MATERIAL FOR THIS EXERCISE: Begin

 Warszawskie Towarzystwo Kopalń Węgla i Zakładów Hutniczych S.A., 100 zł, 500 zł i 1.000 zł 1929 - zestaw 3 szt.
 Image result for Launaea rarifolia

MATERIAL FOR THIS EXERCISE: End
MATERIAL FOR THIS EXERCISE: Begin

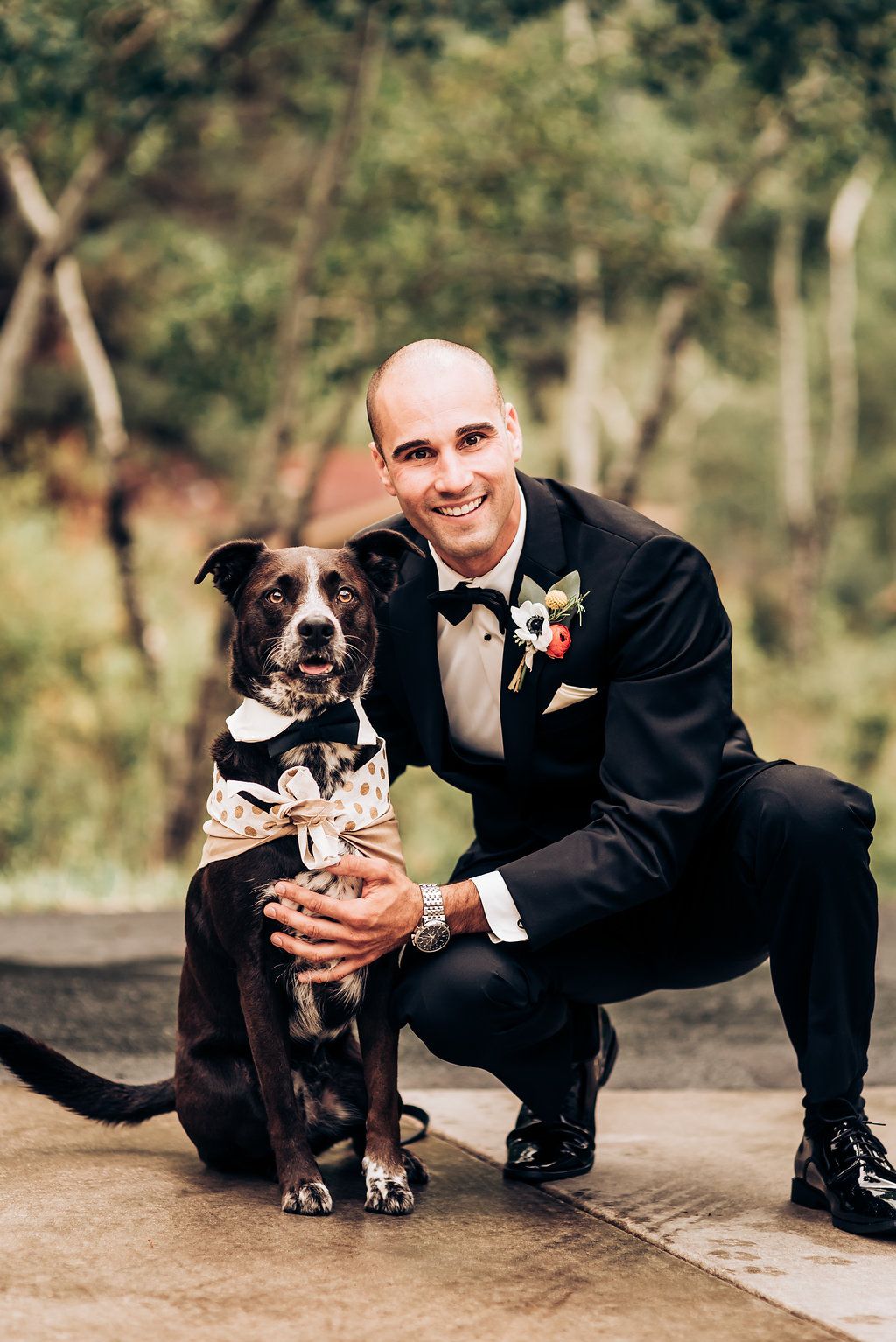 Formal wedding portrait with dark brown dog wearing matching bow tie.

MATERIAL FOR THIS EXERCISE: End

Could you repeat exactly the lines in the listing above from the one with "Warszawskie Towarzystwo Kopalń" down to the one with "Image result for Launaea rarifolia"? Include both of those lines.

 Warszawskie Towarzystwo Kopalń Węgla i Zakładów Hutniczych S.A., 100 zł, 500 zł i 1.000 zł 1929 - zestaw 3 szt.
 Image result for Launaea rarifolia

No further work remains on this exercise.